Los datos más recientes, recabados por THE OBJECTIVE, reflejan que apenas el 1,51% de la deuda emitida por el Estado está en manos de los particulares nacionales y que el porcentaje ha caído en los últimos años. En 2024 llegó a superar más del 2% debido a la tenencia de letras, que vivieron un auténtico boom a principios de 2023.
Desde entonces, el Gobierno ha intentado que el apetito por este producto se trasladara a los bonos y a las obligaciones, pero no ha logrado sus objetivos. El Ministerio de Economía llegó incluso a lanzar campañas promocionales para incentivar la compra, pero sus deseos no han tenido frutos. Es más, la posesión de los particulares en letras ha ido cayendo progresivamente desde los máximos y ya no son sus principales inversores.
22.300 millones en manos de los particulares
Ahora, con la vuelta de mayores rentabilidades, el Ejecutivo ha permitido, a través de un contrato programa, vender todo tipo de deuda pública. Por tanto, va a poner a disposición para la comercialización las casi 2.400 oficinas que tiene Correos en toda la geografía. Un paso que ayudará a mejorar las maltrechas cuentas de la empresa postal presidida por Pedro Saura.
La deuda pública ofrece en estos momentos un rendimiento que oscila entre el 2,3 y el 4,1% en tasa anual. Y en las últimas subastas ha habido un mayor interés por parte de los particulares, sobre todo en lo referente a las letras del Tesoro. En febrero, según los últimos datos disponibles, los ciudadanos tenían papel emitido por el Estado por un importe de 22.285 millones, una cifra prácticamente similar a la de enero, pero 5.000 millones inferior a la de 12 meses antes.
La inmensa mayoría está invertida en letras del Tesoro, ya que disponen de 18.965 millones, el 23,4% del total, siendo los segundos tenedores después de que les superaran los extranjeros, que tienen el 43% de este producto que sirve para financiar el gasto del Estado de bienestar y las iniciativas del Gobierno.
En suma, las emisiones totales suman casi 1,5 billones de euros. Estos datos son anteriores al estallido de la guerra de Irán y previsiblemente habrán variado mínimamente, aunque es posible que los minoristas hayan elevado ligeramente su peso en los últimos meses.
Campañas de 2023 y 2024
Por ahora se descarta que se repita el colapso que sufrieron los sistemas para la adquisición de bonos y letras en 2023, cuando hubo un boom. Entonces llegaron a formarse largas colas en los edificios del Banco de España por parte de ciudadanos de a pie, que querían obtener por su dinero intereses más elevados que los que ofrecían las entidades, especialmente las más grandes.
El Ministerio de Economía aprovechó esta burbuja de las letras para lanzar una campaña para que los particulares se lanzaran también a la adquisición del resto de instrumentos.
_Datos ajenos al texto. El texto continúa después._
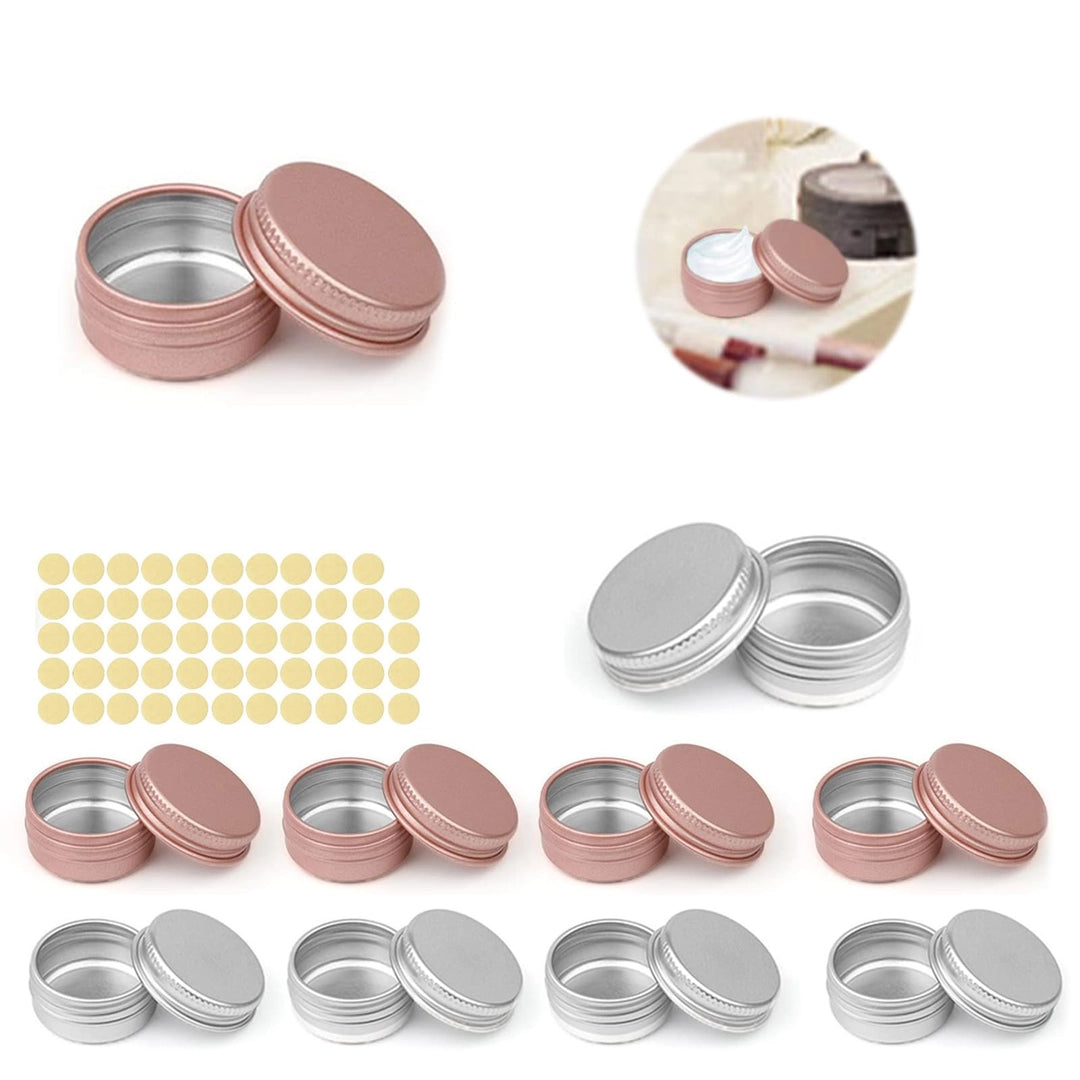 Pojemniczki aluminiowe 10 ml z zakrętką zestaw srebrno-różowe 10 sztuk na kosmetyki krem Główne zdjęcie produktu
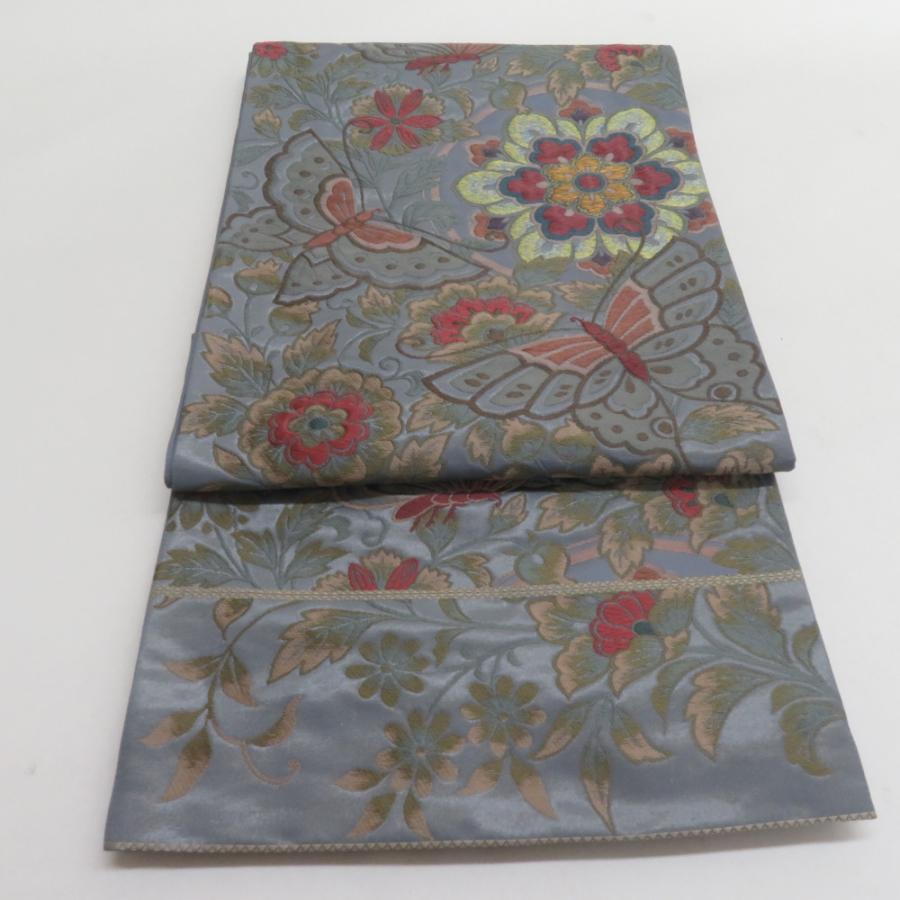 袋帯 花蝶文様 青灰色 六通柄 正絹 礼装 フォーマル 着物帯 長さ432cm | 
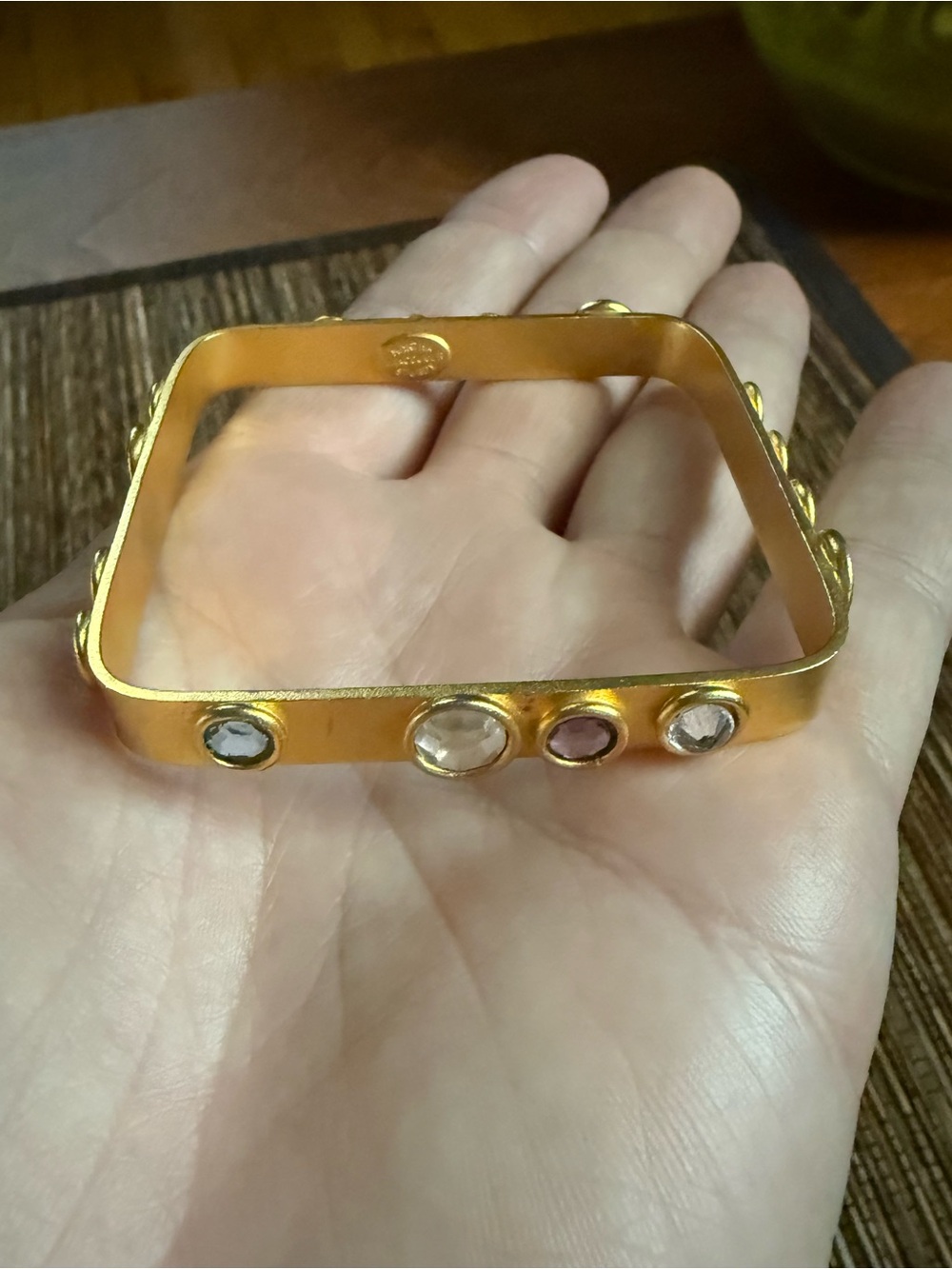 Martha Sturdy Bangle Rhinestone Bracelet Matte Gold Plated Modernist Designer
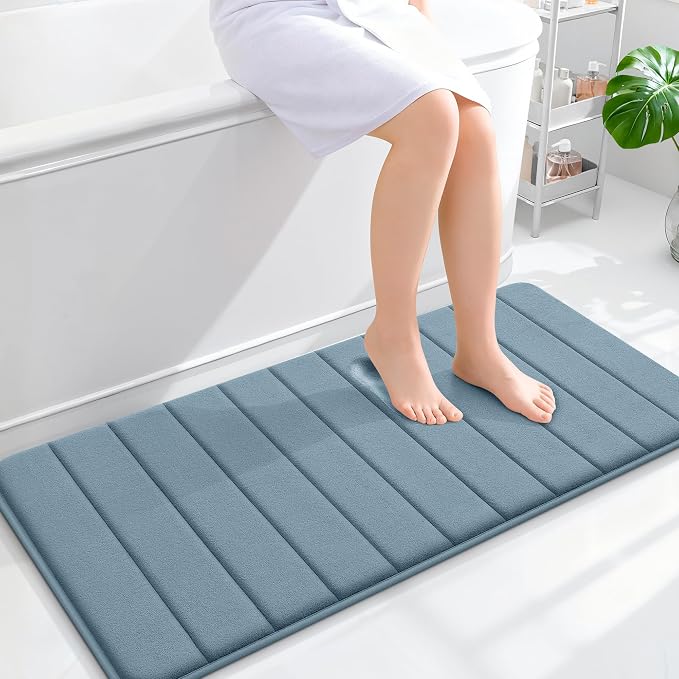 OLANLY Memory Foam Long Bathroom Rugs Runner 44x20, Super Soft Absorbent Bath Mat, Quick Dry, Machine Washable Shower Floor Rugs, Bathmat Carpet, Bathroom Home Decor Accessories, Airy Blue
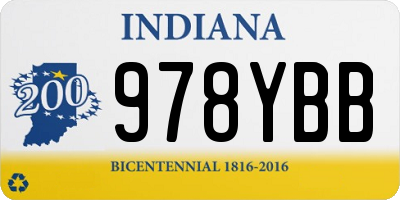 IN license plate 978YBB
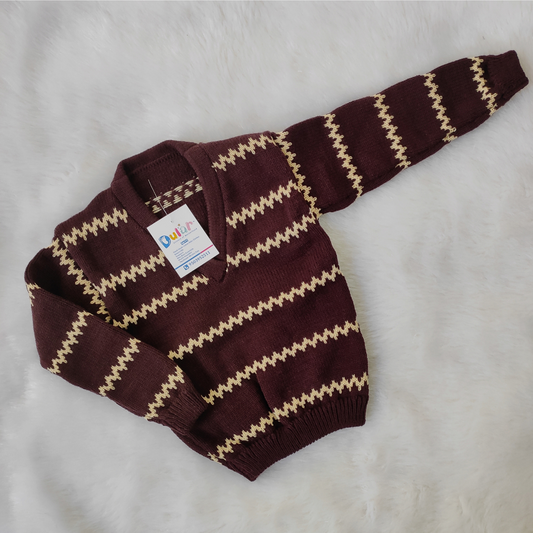 Looser Sweater - Coffee with Cream Strips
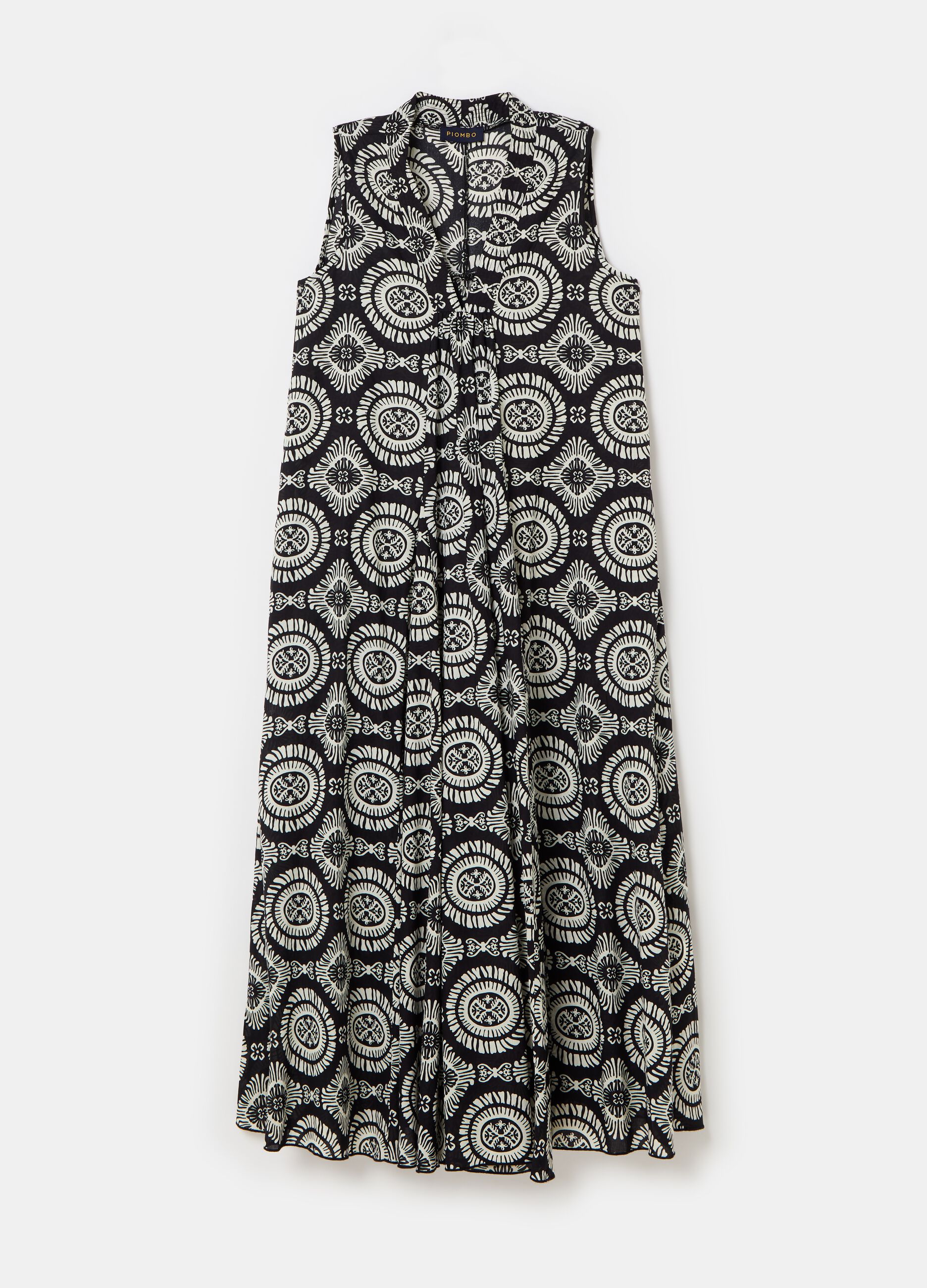 Vestido midi estampado con escote de pico_3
En otoño de 2024 puso en marcha otra iniciativa similar, coincidiendo con el bicentenario de la institución del Tesoro Público.
Con la situación actual vuelve a la carga con su empeño y usará Correos para ello. La red postal es más amplia que todos los bancos que operan en España, salvo Caixabank, que tiene algo más de 3.400 sucursales. Tanto el Santander como el BBVA tienen menos de 2.000.
Como hace tres años, el Gobierno y Correos tendrán que competir con los bancos online, que, como entonces, han empezado a elevar los tipos que ofrecen por el ahorro tradicional para captar clientes y negocio. Asimismo, tendrán que enfrentarse a los fondos de inversión, que ofrecen más rentabilidad que uno con mayor riesgo. En las primeras semanas tras la guerra de Irán, estos experimentaron reembolsos por parte de los clientes, pero las gestoras ya han conseguido regresar a la senda positiva.